Ci troviamo a Roma, nel 1943, in piena Seconda Guerra Mondiale e quando la Campagna d'Italia deve ancora iniziare. In questo scenario quattro "freaks" dotati di strani poteri, Fulvio (Claudio Santamaria), Matilde (Aurora Giovinazzo), Cencio (Pietro Castellitto) e Mario (Giancarlo Martini) si ritrovano all'improvviso abbandonati dal proprietario del circo per cui lavorano, Israel (Giorgio Tirabassi).
Matilde, tuttavia, si convince che costui sia stato rapito e così i quattro improbabili eroi iniziano la loro ricerca nella capitale italiana assediata dai nazisti i quali a loro volta sono perseguitati dai partigiani capeggiati dal Gobbo (Max Mazzotta). I quattro restano così coinvolti in un conflitto che potrebbe decidere le sorti della guerra.
I fumetti di supereroi e la guerra sono stati intrecciati fin dagli albori di questo genere. In quella che è definita la Golden Age, colorati eroi come il primo Batman, Capitan America, la JSA e molti altri avevano come principale nemico l'esercito nazista e i suoi adepti.
Il film di Mainetti sembra voler definire un'era che nella nostra storia fumettistica - dominata da ranger texani e spericolati avventurieri - non vi è mai stata. Eppure anche il nostro passato, pur nei suoi aspetti bellici e drammatici più dolorosi, può offrire terreno per storie di questo genere. Ovviamente con un impatto moderno, dove emergono tematiche come la diversità, le persecuzioni razziali e religiose che persistono ancora oggi e la ribellione alle dittature.
Oltre a questo omaggio, voluto o forse no, a questo particolare genere supereroistico ve ne è un altro più marcato. Poiché, agli occhi del lettore abituale di fumetti, i quattro protagonisti possono richiamare versioni alternative, e italiane, degli X-Men.
In particolare l'epilogo della storia - con una battaglia finale che non sfigura affatto di fronte ad alcune produzioni MCU - sembra tenere conto in special modo de La Saga di Fenice Nera.
Gli X-Men sono stati concepiti come dei freaks, per proteggere un mondo che li teme e li odia, come accade agli artisti circensi di questa pellicola (anche Nightcrawler, per dire, ha avuto un passato da acrobata di un circo).

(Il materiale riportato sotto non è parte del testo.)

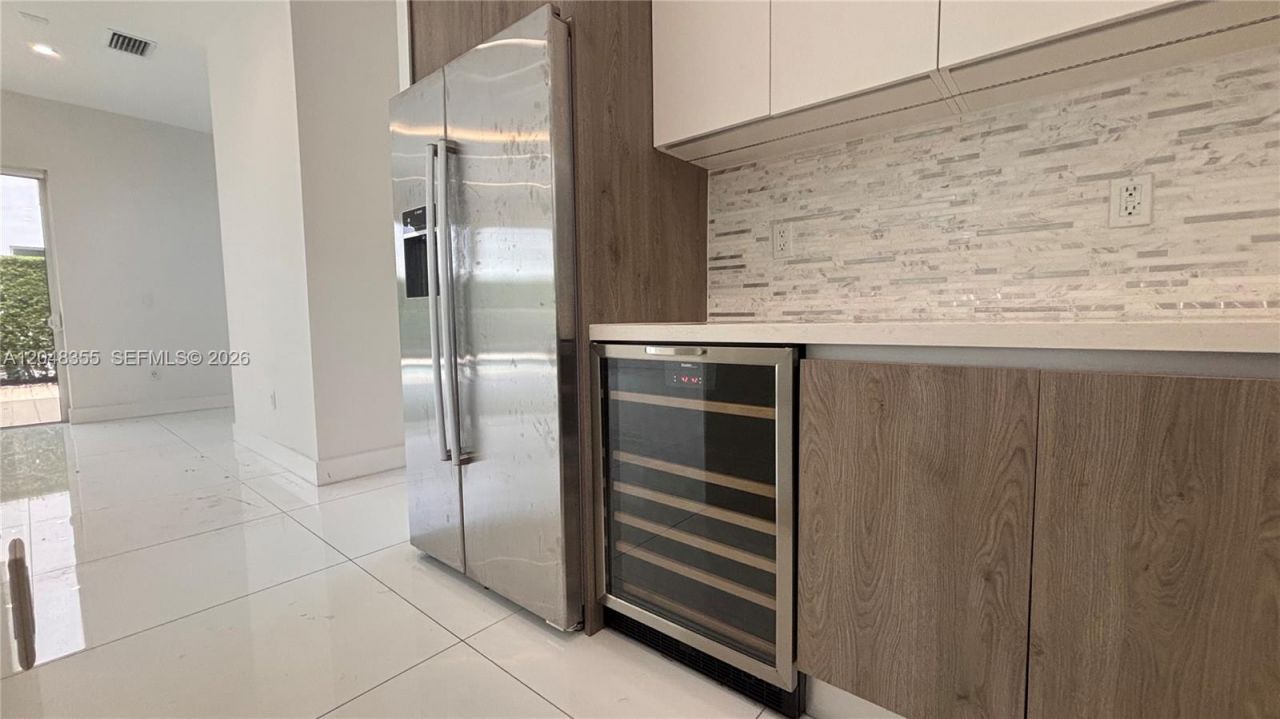 10108 NW 77th St , Unit 10108, Doral, FL 33178 Photo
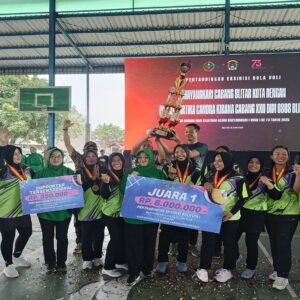 Pertandingn Persahabatan Bola Voly Persit Kodim 0808/Blitar VS Bhayangkari Polres Blitar Kota Semarakkan HKGB Ke - 73 Pertandingn Persahabatan Bola Voly Persit Kodim 0808/Blitar VS Bhayangkari Polres Blitar Kota Semarakkan HKGB Ke – 73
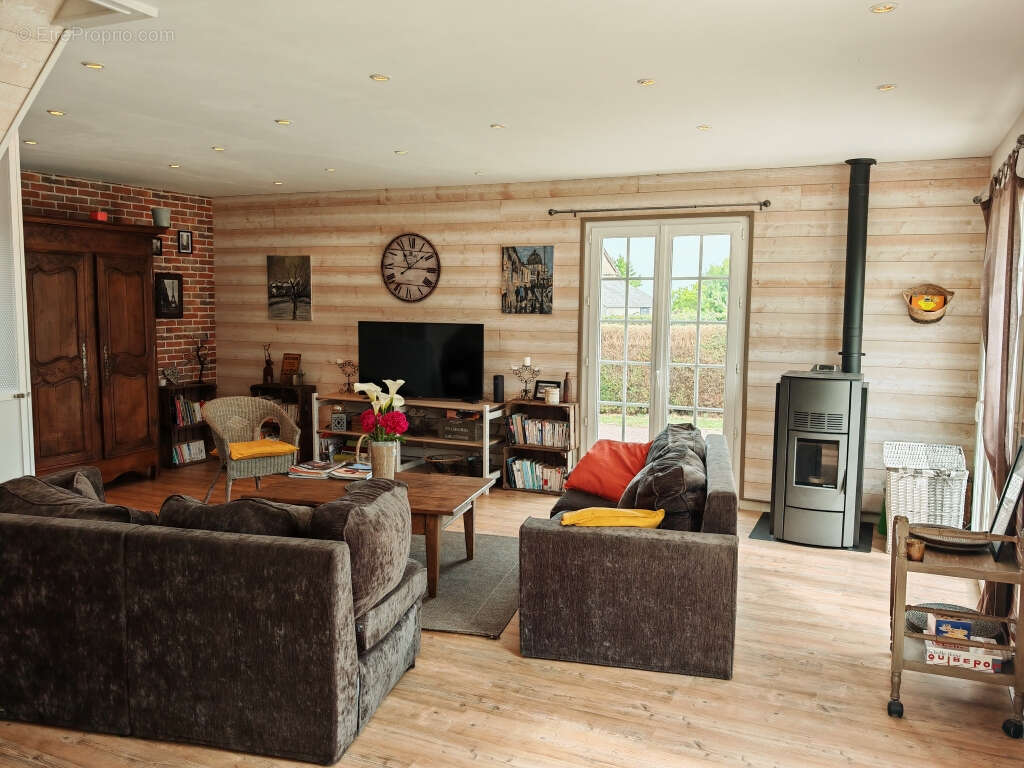 Maison à LAIZE-LA-VILLE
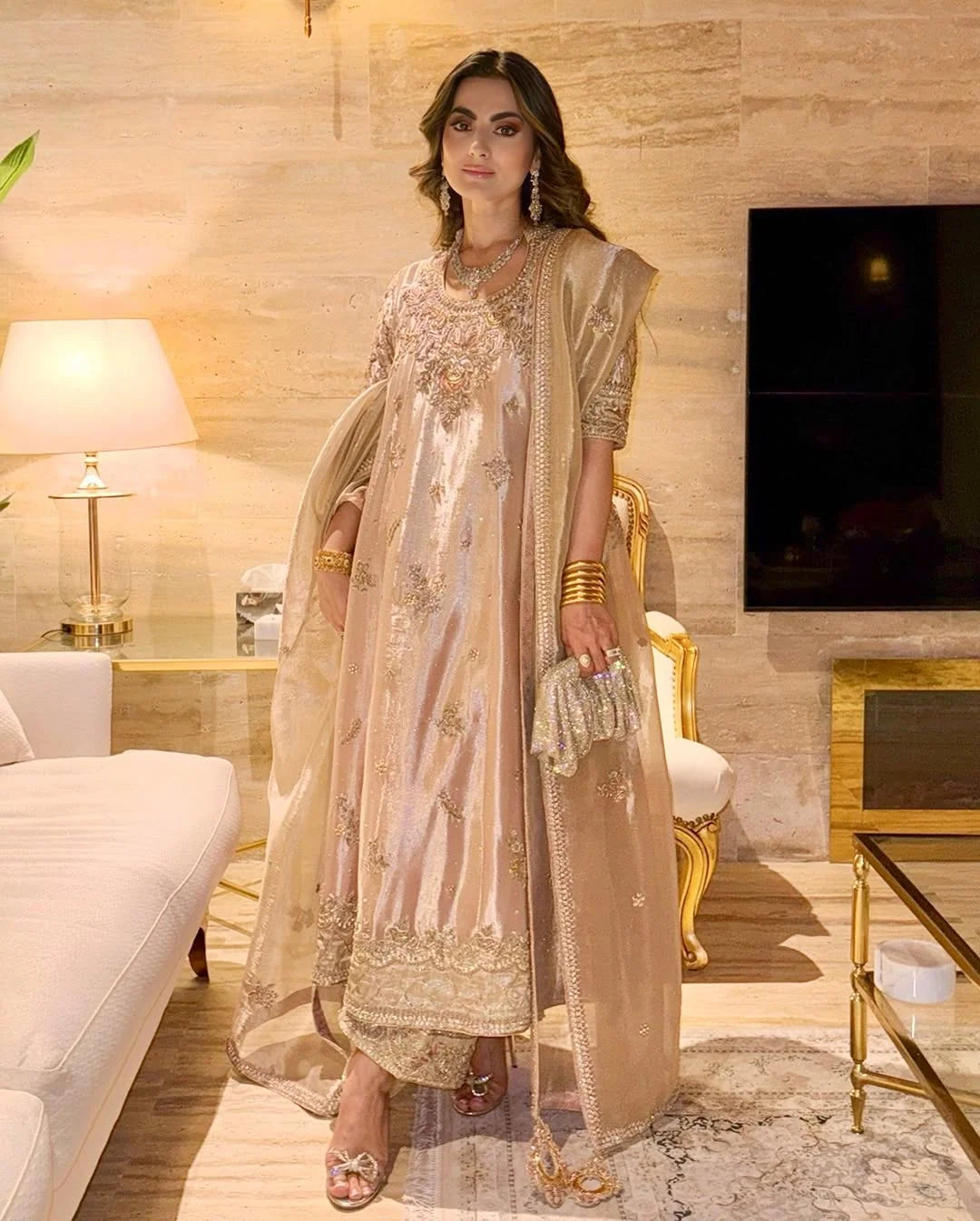 Rose gold | Bisma khaani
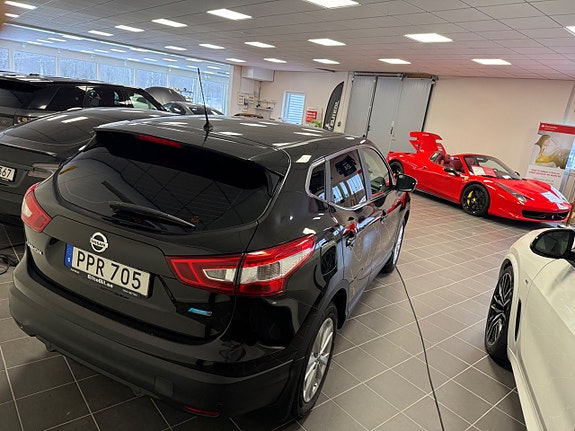 Nissan Qashqai 3 of 5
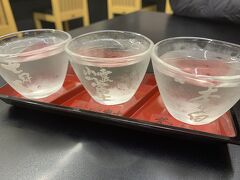 出雲市駅構内のお蕎麦屋さんで地酒飲み比べセット
左から七冠馬・出雲富士・李白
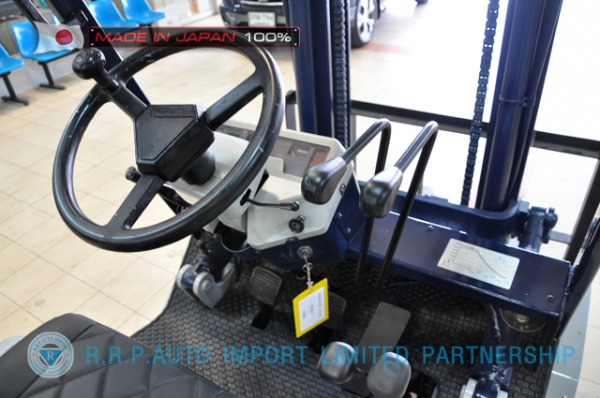 ขายรถโฟล์คลิฟท์มือสอง KOMATSU รุ่น FG20-252967 นำเข้าจากประเทศญี่ปุ่น 100\% ไม่เคยใช้งานในไทย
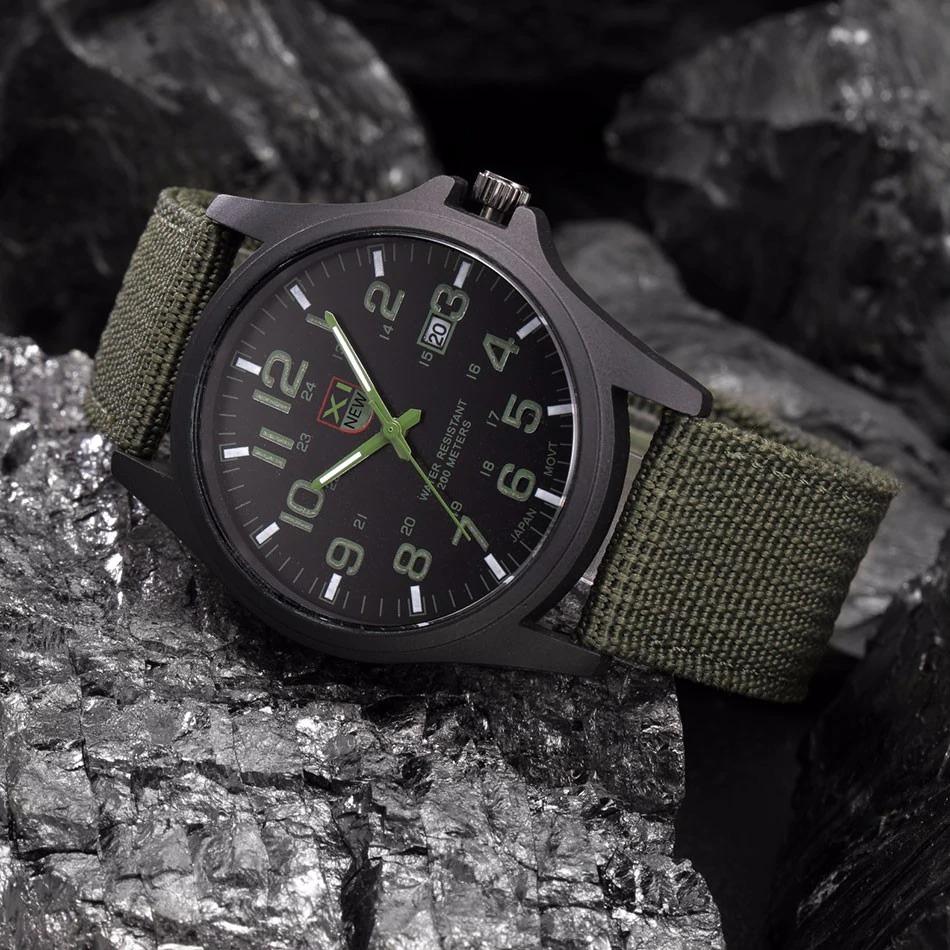 Sportliche Herrenuhr mit LED-Beleuchtung, Chronograph, wasserdicht bis 50 Meter, für Outdoor-Aktivitäten | Sansoti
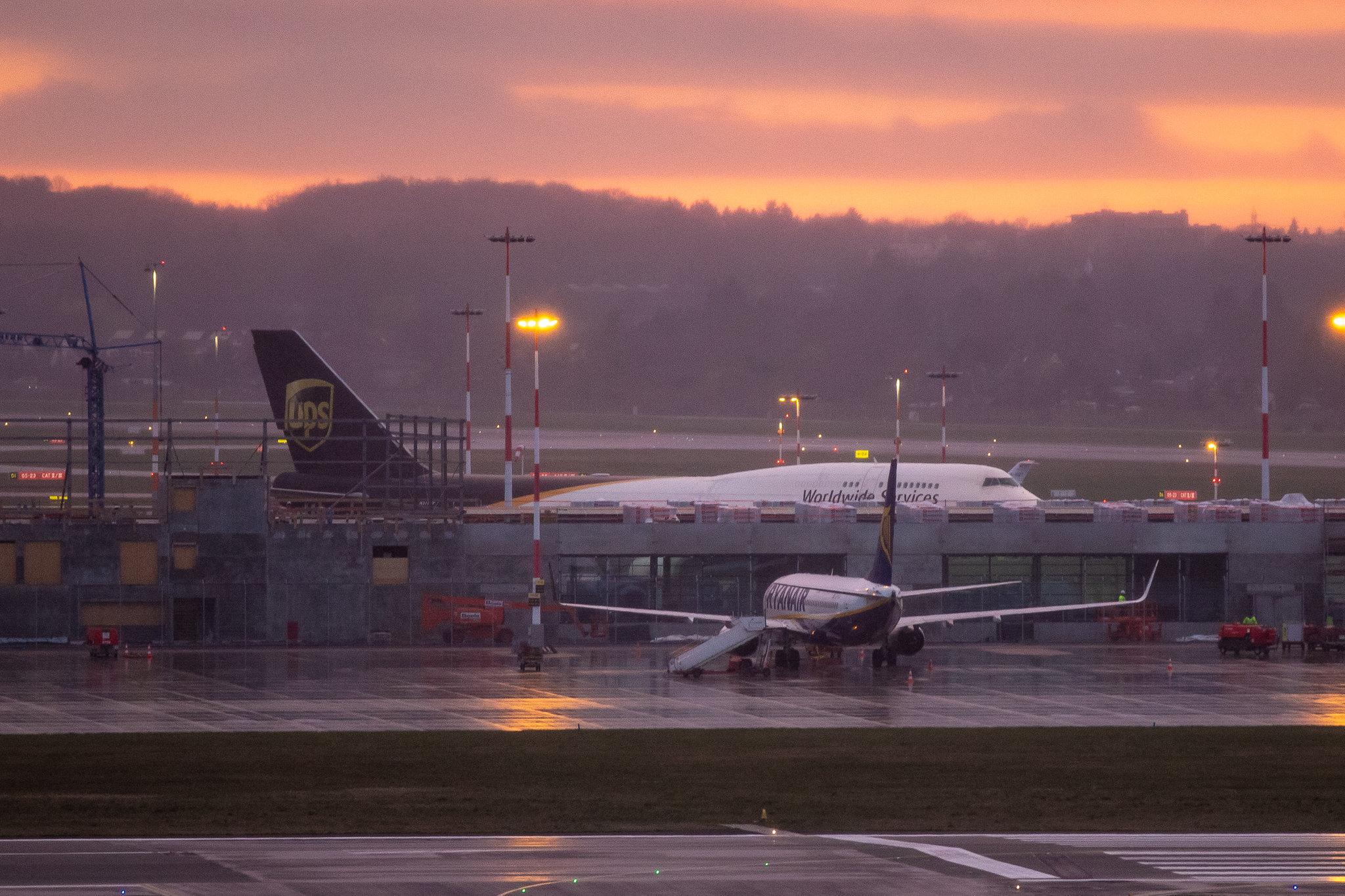 Hamburg Airport: UPS (5X / UPS) | Operator: UPS Airlines |  Boeing 747-45E(BCF) B744 | N578UP | MSN 27154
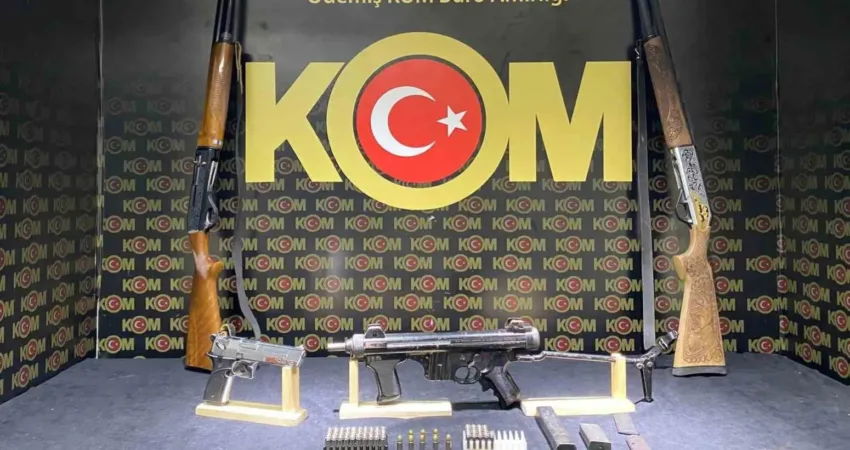 İzmir’in Ödemiş ilçesinde, yasa dışı silah ticareti yapan şüphelilere yönelik
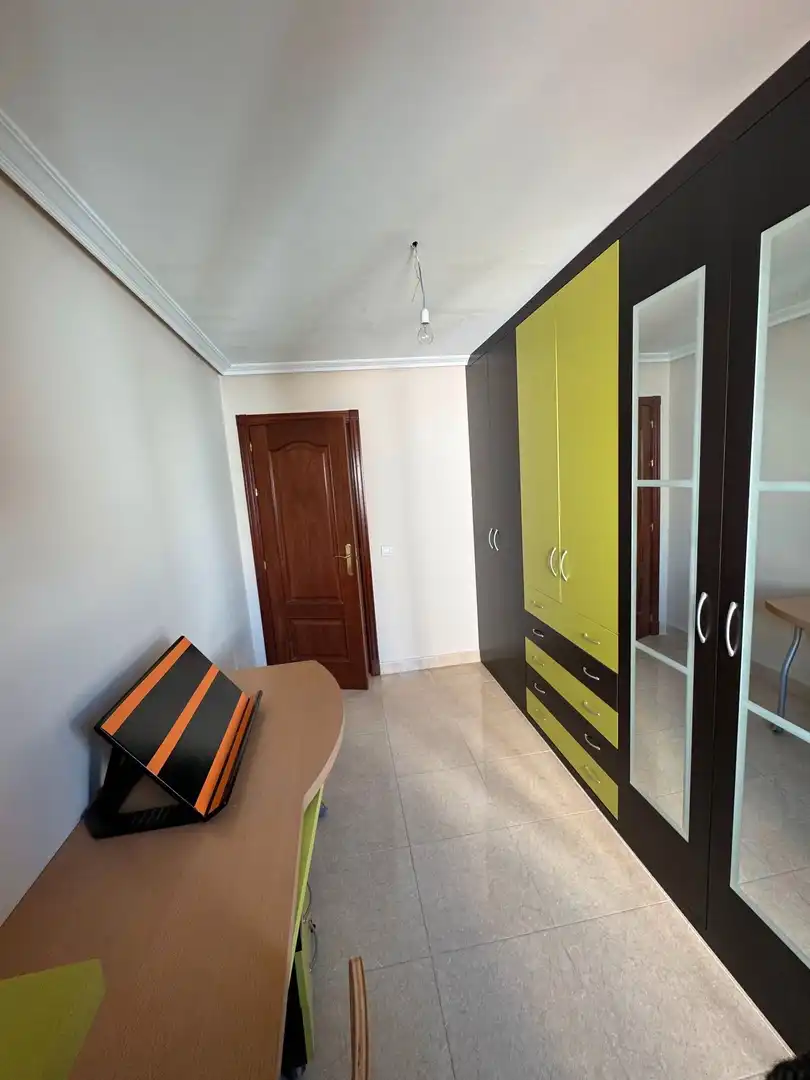 Bedroom of Flat for sale in Medina del Campo  with Heating, Terrace and Storage room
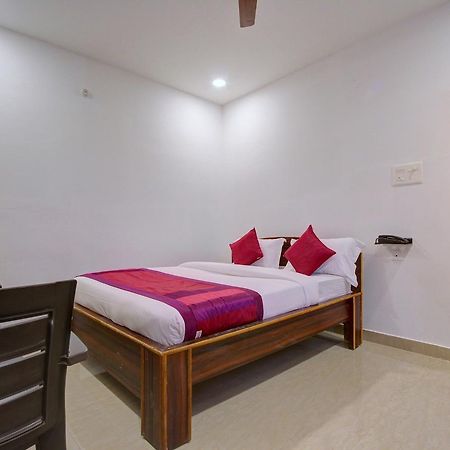Oyo 11670 Hotel Vishnu Priya Residency Hyderabad Exterior foto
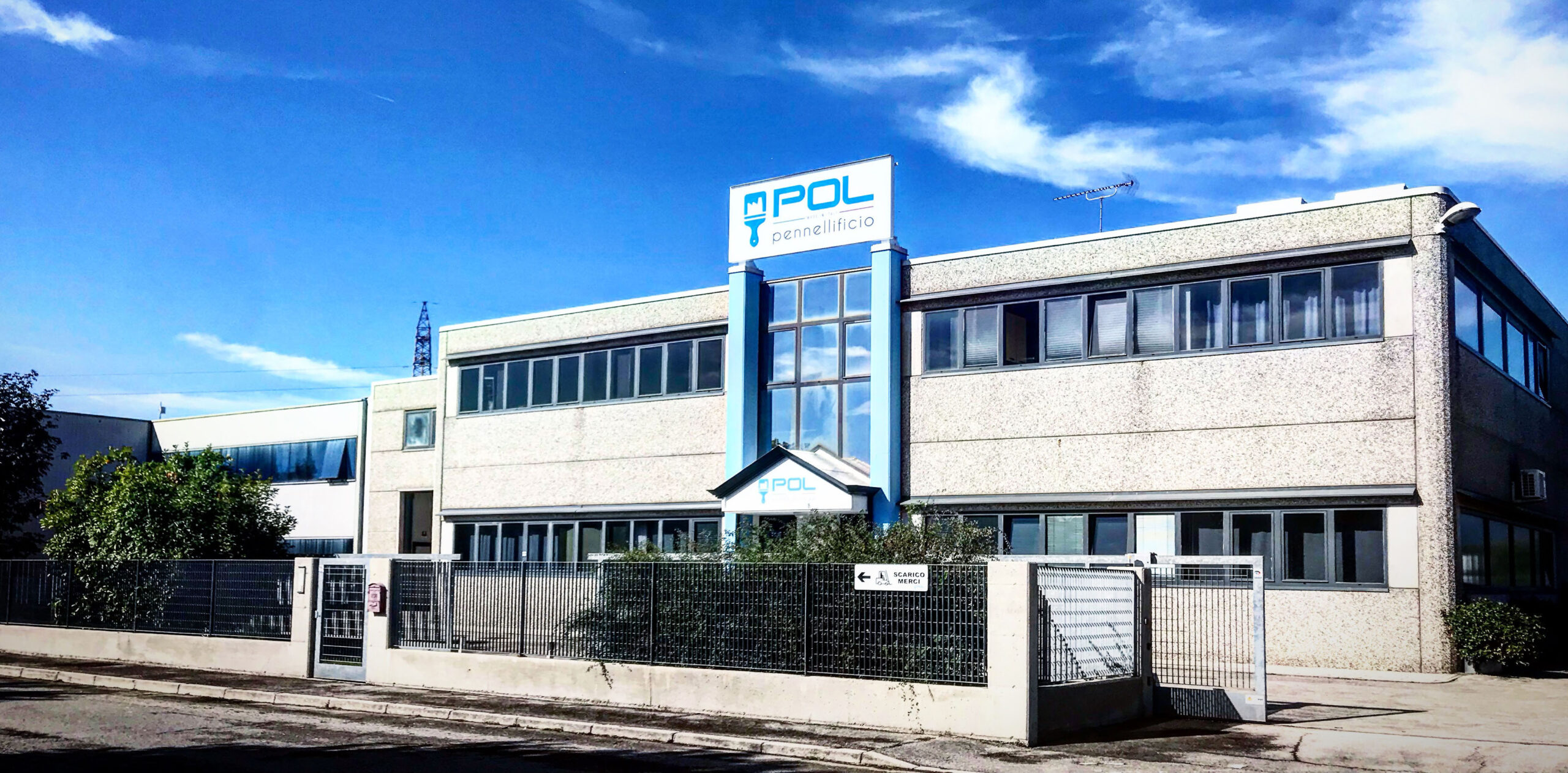 Eccellenza Artigianale Italiana nei Pennelli Professionali per imbianchini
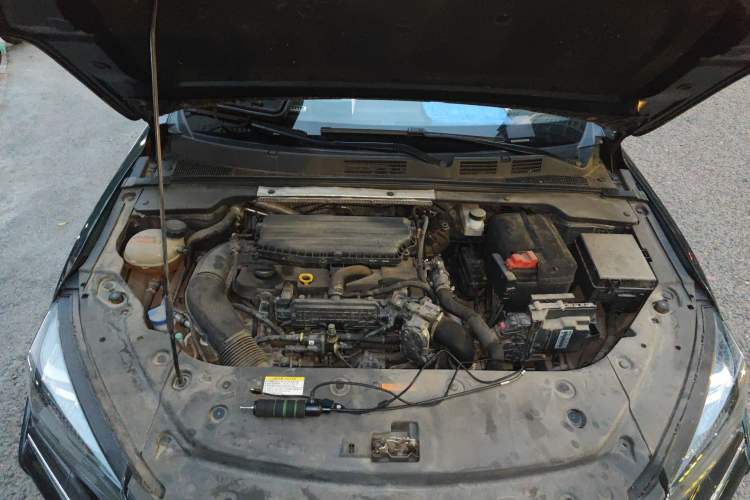 Used Dongfeng Aeolus Yixuan MAX 2021 1.5T Super Cool Dad Edition Engine Bay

E in questo clima di tensione hanno rafforzato i loro legami di amicizia e rispetto.
Lo stesso accade a Fulvio, Matilde, Cencio e Mario. Distanti in principio, accomunati solo dal lavoro che fanno, più forti e uniti che mai alla fine per via delle avversità che hanno dovuto affrontare.
Si citava la mancanza di coraggio. Ecco, il fatto che simili prodotti rimangano sempre bellissimi esperimenti, anche premiati, lo dimostra. Bisogna sapersi accontentare, dunque, e apprezzare ogni possibile deviazione che il cinema italiano odierno compie dal suo percorso abituale.